WHAT YOU ARE ASKED TO DO:
Could the listing below be reproduced exactly, minus its pictures?

GIVEN MATERIAL:
____

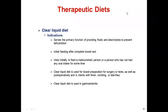Let me explain about the therapeutic diet. First of all, what is therapeutic diet? It is a meal or diet plan that controls the intake of certain foods or nutrients. It is part of the treatment of a medical condition and is normally prescribed by a physician and also planned by a dietitian.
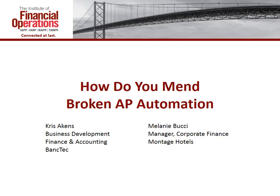Hey everyone, thank you for taking the time to join us today. Hopefully we're going to have a great session and get you guys some good information on how to mend a broken AP automation process. We hope to be joined by Melanie Bucci, who is the manager of corporate finance at Montage Hotels. Melanie undertook a full-blown automation project two years ago and has some expertise in this area, and we're going to rely on her to give us a real-life application to some of the things we talk about today.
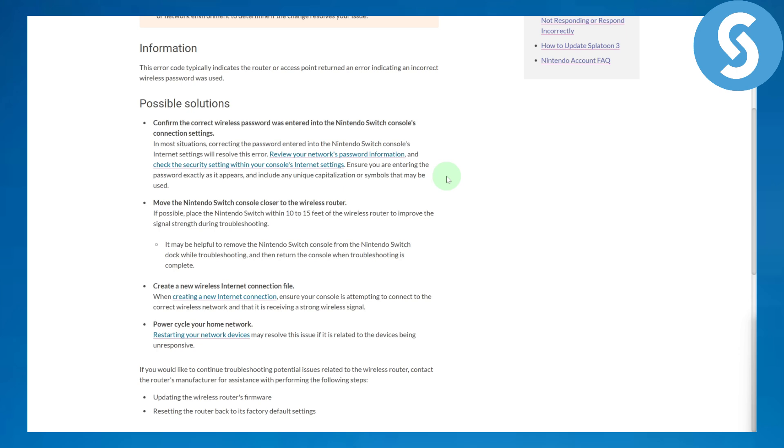Now, the possible solutions: First, confirm the correct wireless password was entered into the Nintendo Switch console's connection settings. Most probably there's a connectivity issue regarding your console's connection settings. Make sure to head over to that and check if the password is working perfectly fine.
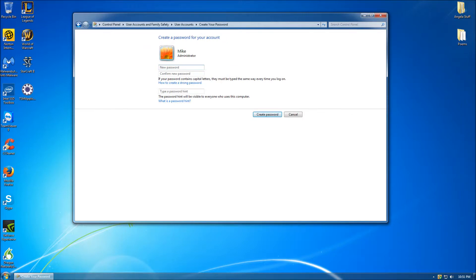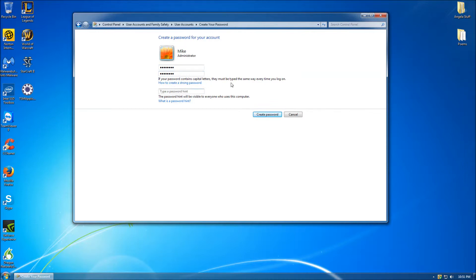Once you have done this, you will need to type in your desired password. Then, you will need to type it in again in order to confirm it. In addition, you may also type in a password hint. As you can see in this video, for demonstration purposes, I made my password my favorite food, as described in my password hint.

____

ANSWER BOX:
Let me explain about the therapeutic diet. First of all, what is therapeutic diet? It is a meal or diet plan that controls the intake of certain foods or nutrients. It is part of the treatment of a medical condition and is normally prescribed by a physician and also planned by a dietitian.
Hey everyone, thank you for taking the time to join us today. Hopefully we're going to have a great session and get you guys some good information on how to mend a broken AP automation process. We hope to be joined by Melanie Bucci, who is the manager of corporate finance at Montage Hotels. Melanie undertook a full-blown automation project two years ago and has some expertise in this area, and we're going to rely on her to give us a real-life application to some of the things we talk about today.
Now, the possible solutions: First, confirm the correct wireless password was entered into the Nintendo Switch console's connection settings. Most probably there's a connectivity issue regarding your console's connection settings. Make sure to head over to that and check if the password is working perfectly fine.
Once you have done this, you will need to type in your desired password. Then, you will need to type it in again in order to confirm it. In addition, you may also type in a password hint. As you can see in this video, for demonstration purposes, I made my password my favorite food, as described in my password hint.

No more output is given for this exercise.